▶ **WHAT THE TASK REQUIRES**: Take the entries below and print only the lines from the one with "鸭血粉丝汤-小淮娘鸭血粉丝&锅贴(天平山景区店)" through the one with "صلي على محمد", exactly as they stand, both ends included.

▶ **THE DATA**:
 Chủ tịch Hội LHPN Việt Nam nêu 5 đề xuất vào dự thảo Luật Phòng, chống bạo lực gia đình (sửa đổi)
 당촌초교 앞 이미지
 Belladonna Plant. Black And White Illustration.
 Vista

==

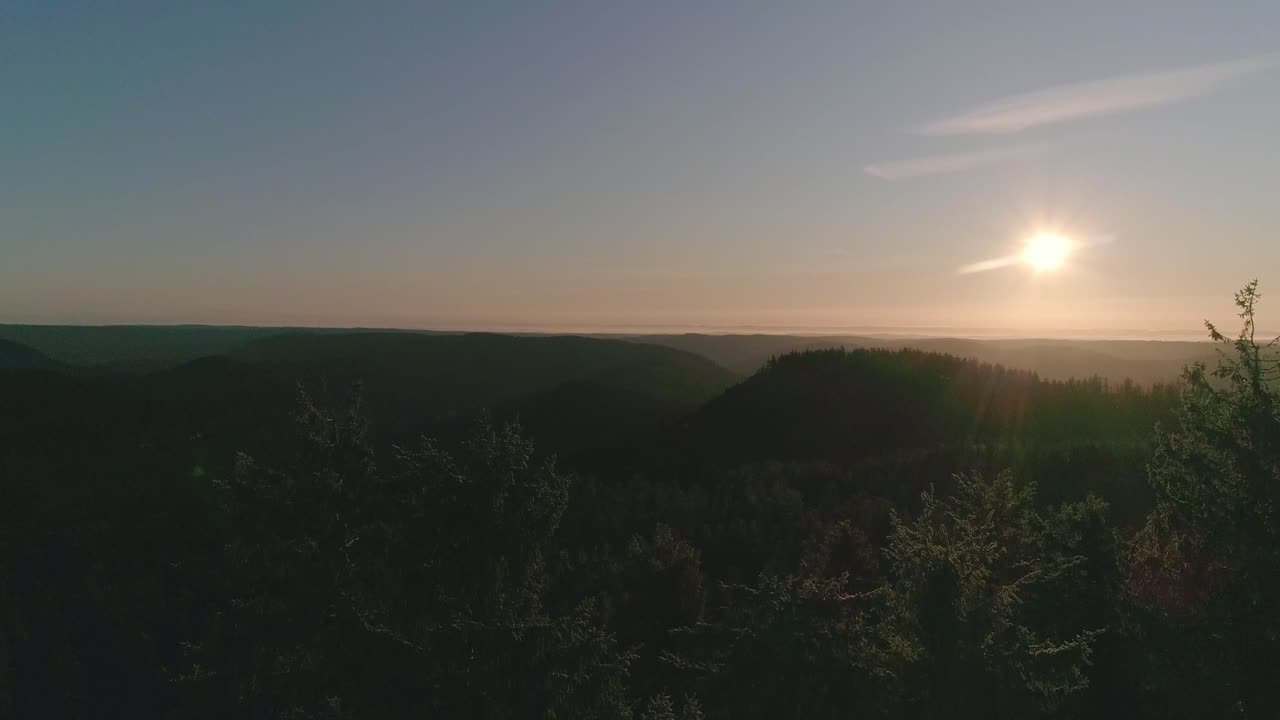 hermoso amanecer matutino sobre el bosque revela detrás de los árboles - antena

...

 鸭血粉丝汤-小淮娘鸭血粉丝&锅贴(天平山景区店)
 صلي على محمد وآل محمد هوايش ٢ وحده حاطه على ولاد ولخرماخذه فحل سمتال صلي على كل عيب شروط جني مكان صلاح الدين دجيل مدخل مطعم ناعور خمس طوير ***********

▶ **ANSWER BOX**:
 鸭血粉丝汤-小淮娘鸭血粉丝&锅贴(天平山景区店)
 صلي على محمد وآل محمد هوايش ٢ وحده حاطه على ولاد ولخرماخذه فحل سمتال صلي على كل عيب شروط جني مكان صلاح الدين دجيل مدخل مطعم ناعور خمس طوير ***********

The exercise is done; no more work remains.